A propos des « manquements » de la banque, la cour relève qu’ils « ne témoignent pas de négligences ponctuelles mais de choix managériaux qui ont ouvert à un salarié malintentionné comme Jérôme Kerviel un large champ d’action où il a pu développer ses agissements délictueux ».
« Formé au sein des structures de la banque, Jérôme Kerviel en avait repéré les failles qu’il a ensuite exploitées pour concevoir et couvrir ses activités frauduleuses. C’est son parcours personnel au sein de la Société générale, notamment au middle office, qui lui a donné une connaissance très fine des systèmes qu’il a ensuite utilisés pour développer et dissimuler ses agissements », ajoute l’arrêt.
« Organisation défaillante »
Mais, souligne la cour, « quelles que soient la ruse et la détermination de l’auteur des faits, ou la sophistication des procédés employés, un tel préjudice n’aurait pas pu être atteint sans le caractère éminemment lacunaire des systèmes de contrôle de la Société générale, qui ont généré un degré de vulnérabilité élevé ».
« Cette organisation défaillante et cette accumulation de manquements en matière de sécurité et de surveillance des risques, qui préexistaient aux faits, ont permis la commission des délits et retardé leur détection. » Elles ont également « eu un rôle causal essentiel dans la survenance et le développement du préjudice jusqu’à un seuil critique.

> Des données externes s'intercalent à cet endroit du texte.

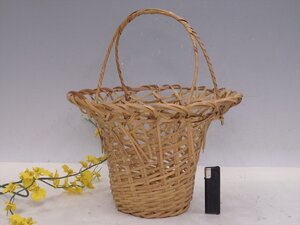 ★円能斎好【末広篭 紙箱入り】竹細工 大型手付花器 直径31cm 本体高さ21cm 全高36cm 裏千家 茶道具 花かご 竹花入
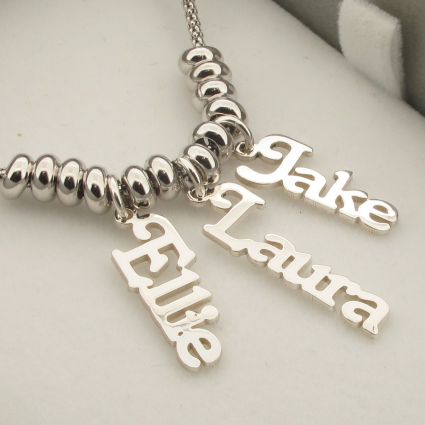 Name Pendants on Rhodium Plated Chain with Rhodium Plated Beads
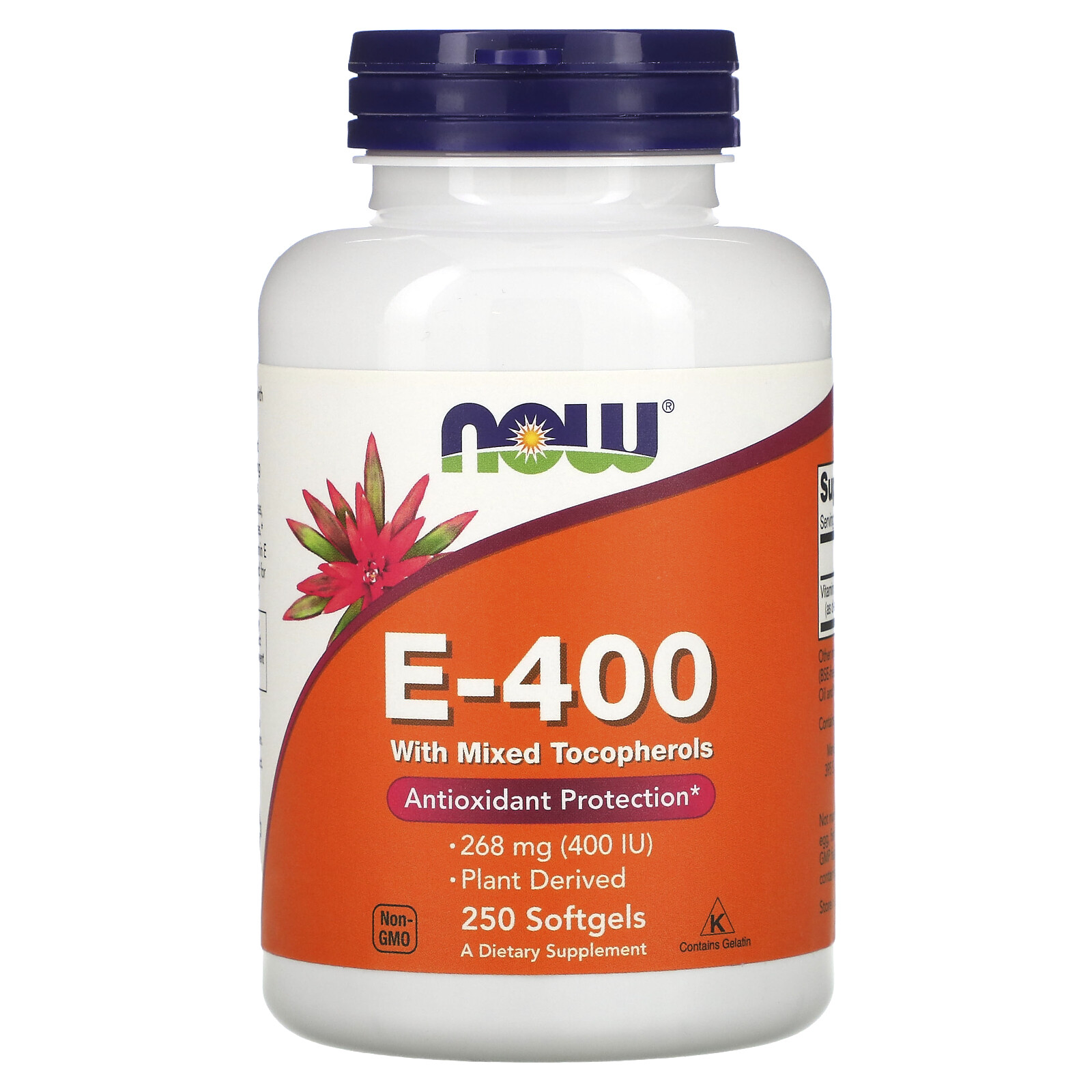 Now Foods Natural E-400 With Mixed Tocopherols 250 Softgels GMP Quality Assured,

C’est ainsi qu’a pu se créer une situation en tout point exceptionnelle, à la fois par l’ampleur du dommage et par les risques qu’elle a fait peser sur l’ensemble de l’économie ».
La cour refuse toutefois de remettre en cause le montant de ce préjudice, contesté par la défense de Jérôme Kerviel, en rejetant la demande d’expertise qu’elle avait formulée.
« Dès lors, conclut l’arrêt, si les fautes pénales commises par Jérôme Kerviel ont directement concouru à la production du dommage subi par la Société générale, les fautes multiples commises par la banque ont eu un rôle majeur et déterminant dans le processus causal du très important préjudice qui en a découlé pour elle. »
Tradeur « malintentionné »
La cour ne suit pas pour autant les réquisitions de l’avocat général Jean-Marie d’Huy qui avait estimé que la banque devait être reconnue « entièrement responsable » de son préjudice. En condamnant Jérôme Kerviel à ne payer qu’un million d’euros sur les 4,9 milliards d’euros de préjudice, elle souligne que la banque doit assumer aux yeux de la société le prix de sa propre faute.
Elle rappelle, comme l’avait relevé avant elle la Commission bancaire, que les règles de sécurité que la Société générale a violées ne sont pas seulement destinées « à protéger la banque et l’intérêt de ses actionnaires mais aussi l’ensemble du système bancaire et la confiance des citoyens dans celui-ci ». A charge donc, pour l’administration fiscale de voir désormais si la ristourne fiscale de 2 milliards d’euros obtenue par la Société générale doit être ou non remise en cause.
Mais en demandant à Jérôme Kerviel de payer une somme à échelle « humaine », la décision de la cour d’appel de Versailles ouvre à la Société générale la possibilité d’en exiger le remboursement, ce qui n’était pas envisageable pour un montant de 4,9 milliards d’euros.
La banque ne va pas s’en priver, qui entend saisir les revenus que son ex-employé pourrait tirer de l’exploitation de son affaire en droits d’auteur sur son livre ou sur le film qui s’en est inspiré. Elle le ramène au statut beaucoup plus commun d’ancien tradeur « malintentionné » et non pas à celui de martyr du système bancaire qu’il s’est construit.